> **What this task involves**
Reproduce, word for word, the lines in the material below starting with the one that has "Butterflies (Out of Time) - Single" and going on through the one that has "Comparateur de prix". Leave out all pictures.

> **Data to examine**
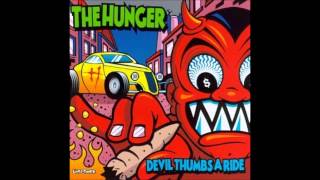 Watch Hunger Devil Thumbs A Ride video
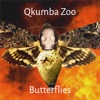 Butterflies (Out of Time) - Single
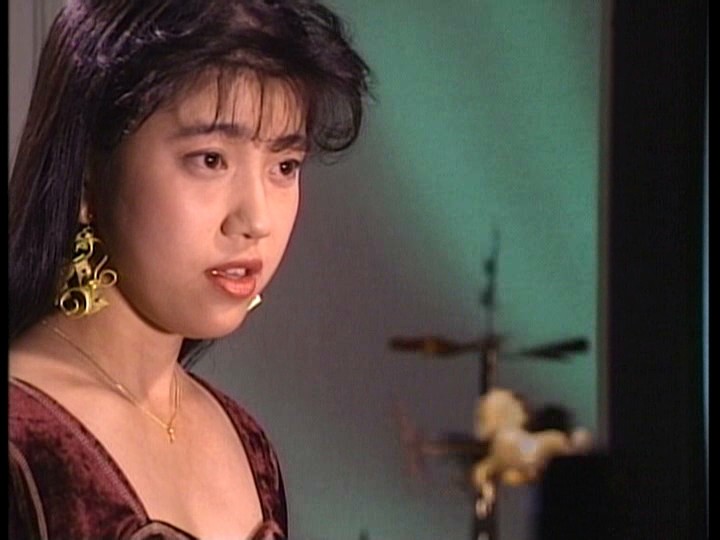 サンプル画像 14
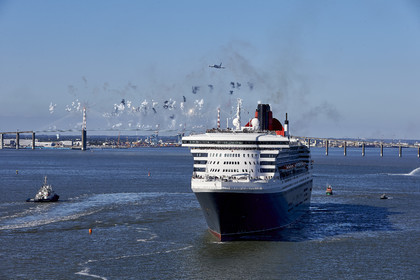 THM_17_044767_THE_BRIDGE-Start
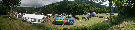 Glyn_Ceiriog_Panorama.jpg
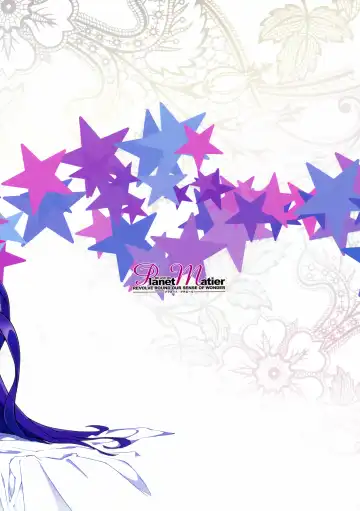 [Yamamoto Canponi] Usagi to Usagi no Ko Fuuga Fhentai - Page 19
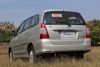 Toyota_Innova
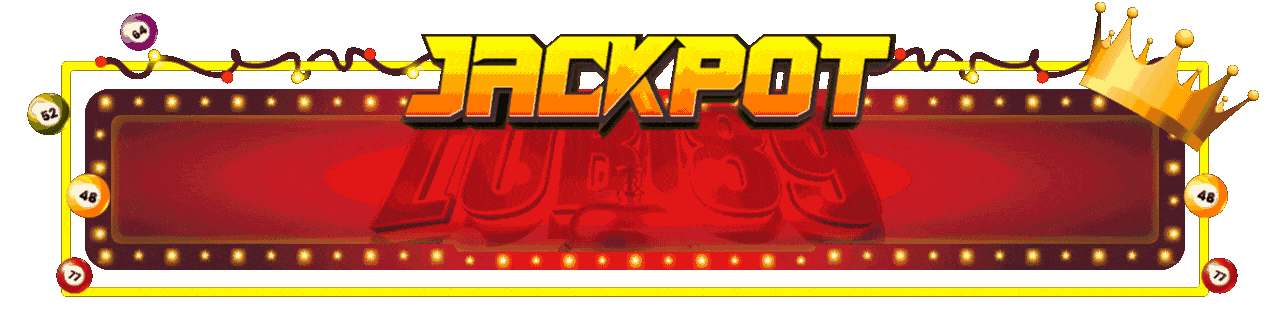 jackpot-bg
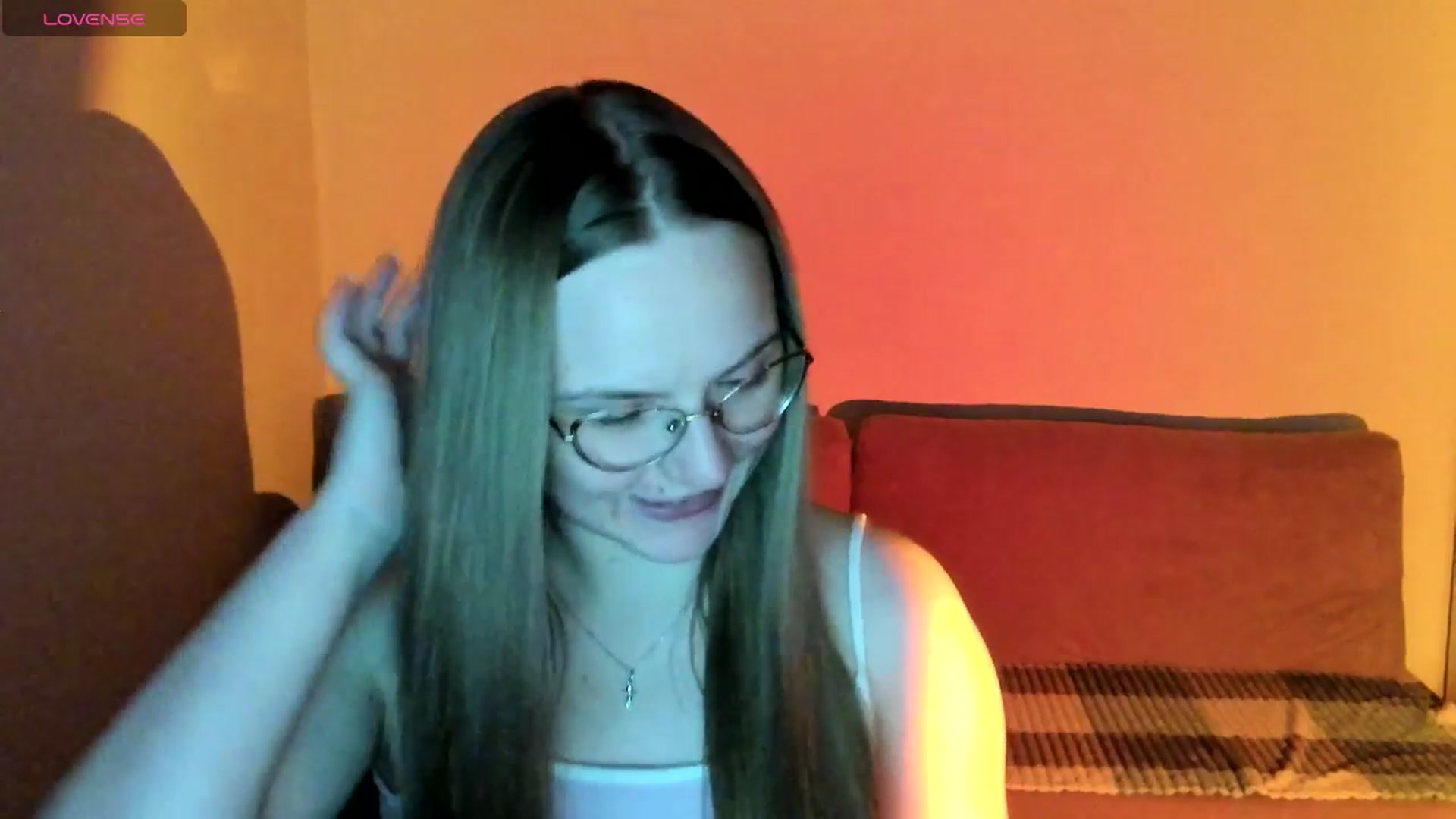 Gallery image thumbnail from Shy_Melany's myfreecams stream on, 08/10/2025, 22:06 image 8 of 20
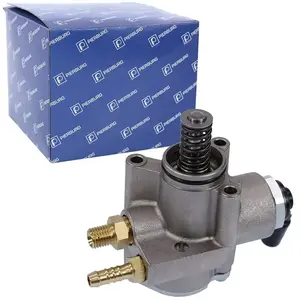 Comparateur de prix : Hogedrukinspuitpomp 706032000 Pierburg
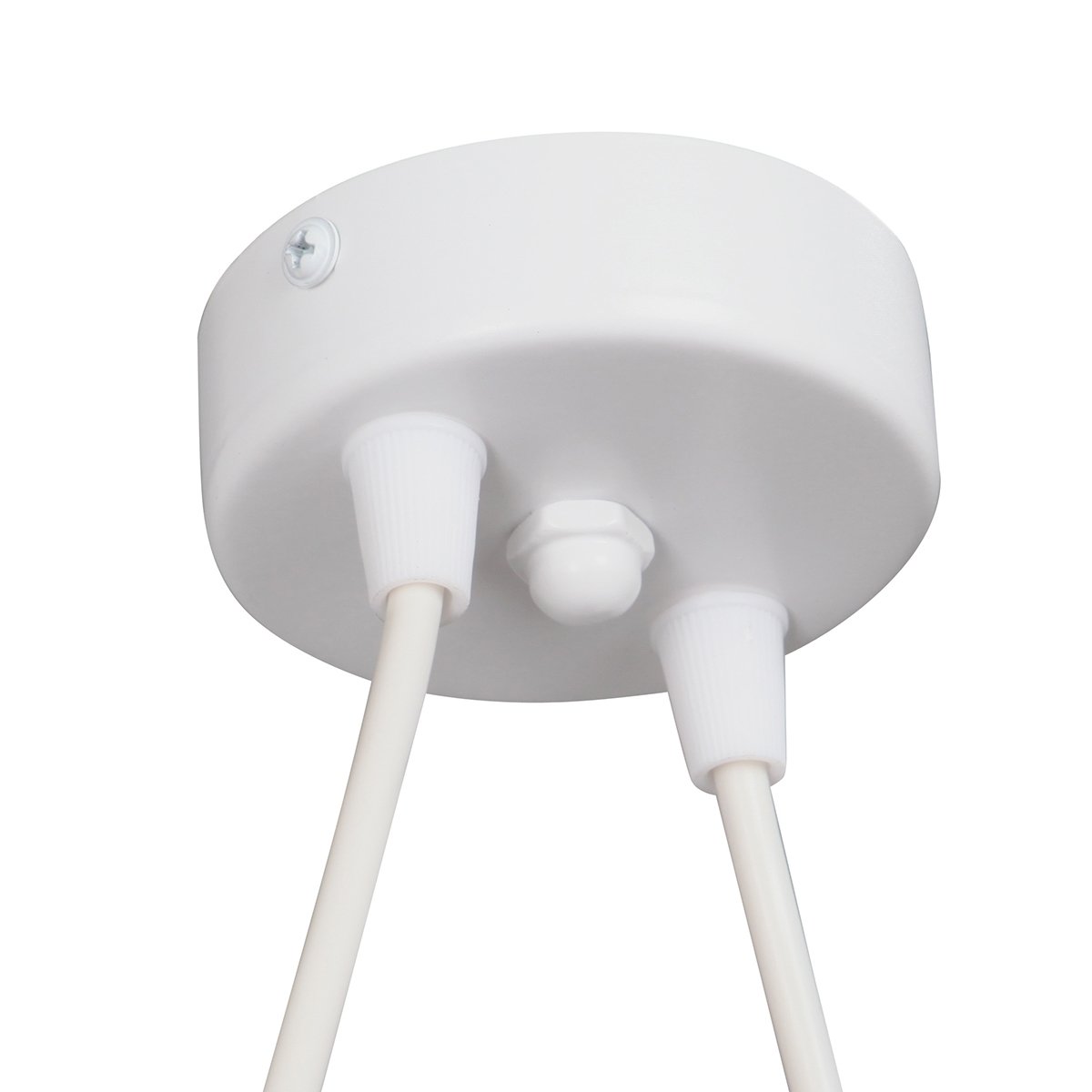 Светильник подвесной Vitaluce V1795-0/2S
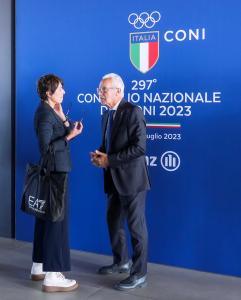 Consiglio Ph Simone Ferraro SFA00637 copia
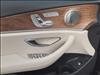 2023 Mercedes-Benz E-Class E 350 4MATIC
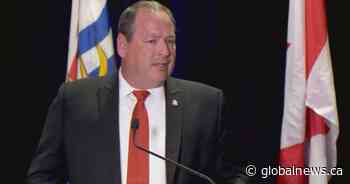 Who’s policing the police?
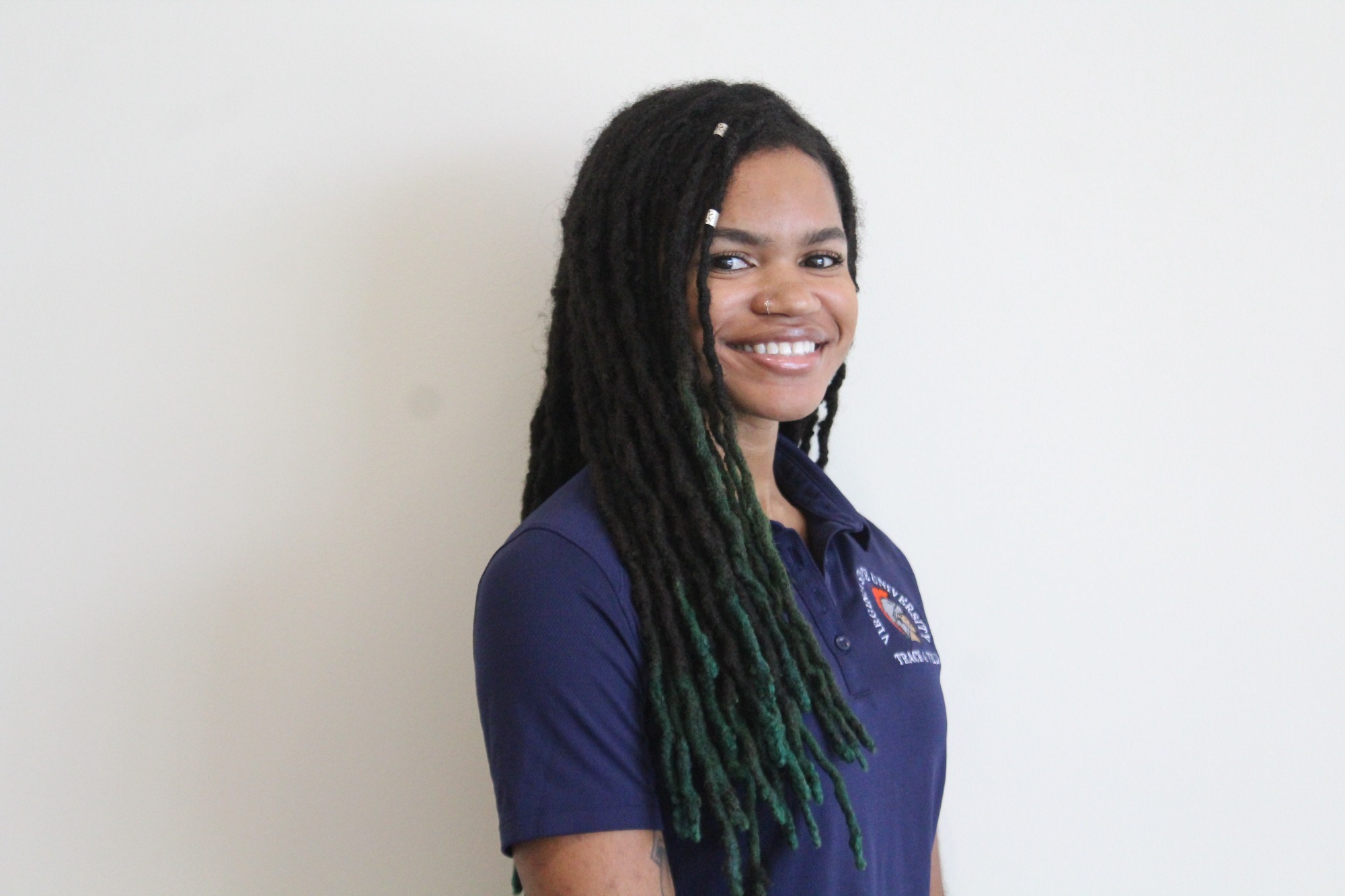 Jocindra Glee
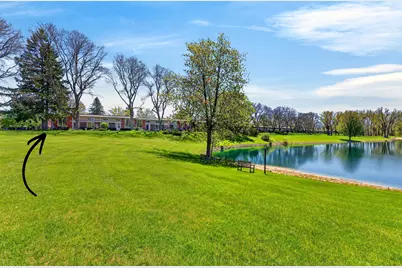12951 N Colony Dr, Mequon, WI 53097 - Photo 38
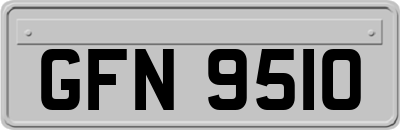 GFN9510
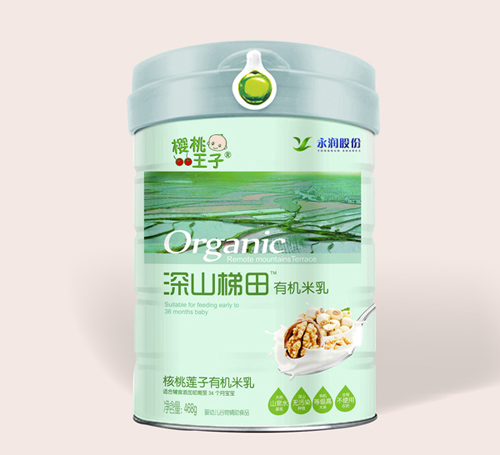    ����������ɽ�������ɏ���ЙC(j��)����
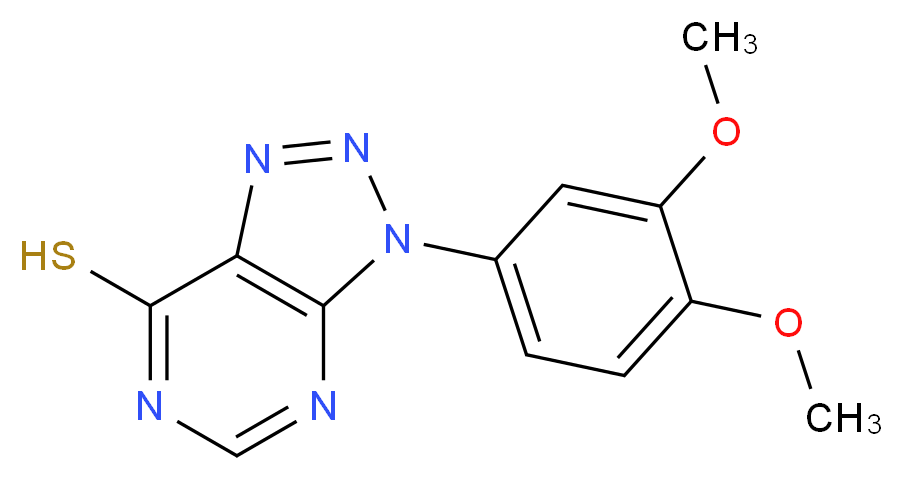 _Molecular_structure_CAS_)
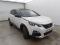 preview Peugeot 5008 #1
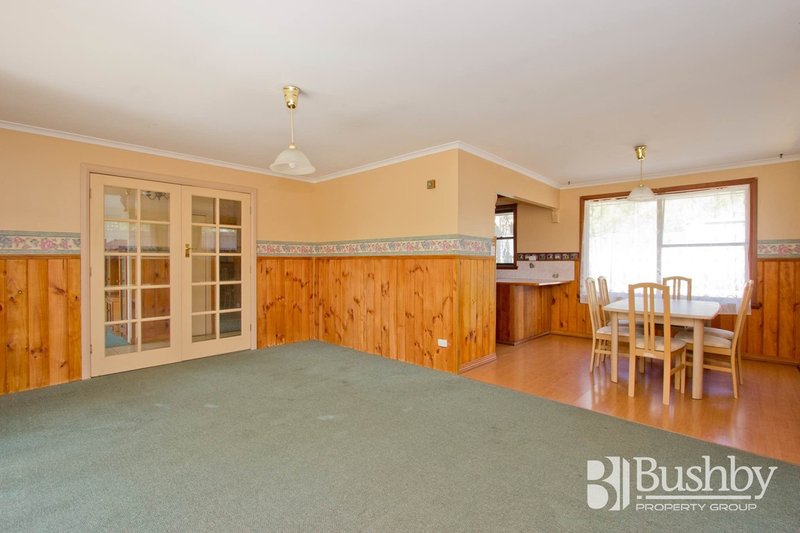 Photo - 431 Gravelly Beach Road, Gravelly Beach TAS 7276 - Image 4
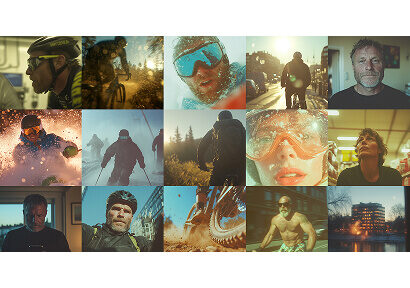 Active Benefits by Hasty 11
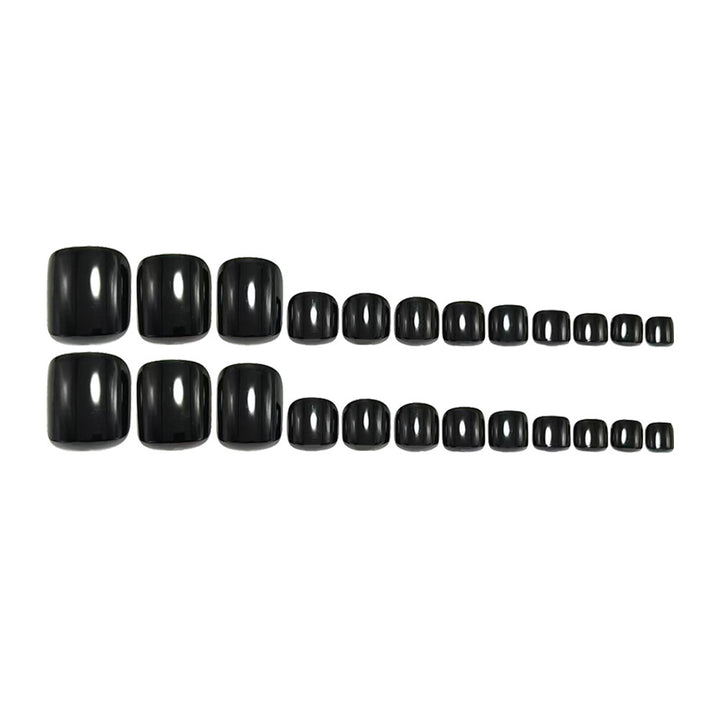 Nail Art Set with Elegant Designs Bowlift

> **Expected answer**
 Butterflies (Out of Time) - Single
 サンプル画像 14
 THM_17_044767_THE_BRIDGE-Start
 Glyn_Ceiriog_Panorama.jpg
 [Yamamoto Canponi] Usagi to Usagi no Ko Fuuga Fhentai - Page 19
 Toyota_Innova
 jackpot-bg
 Gallery image thumbnail from Shy_Melany's myfreecams stream on, 08/10/2025, 22:06 image 8 of 20
 Comparateur de prix : Hogedrukinspuitpomp 706032000 Pierburg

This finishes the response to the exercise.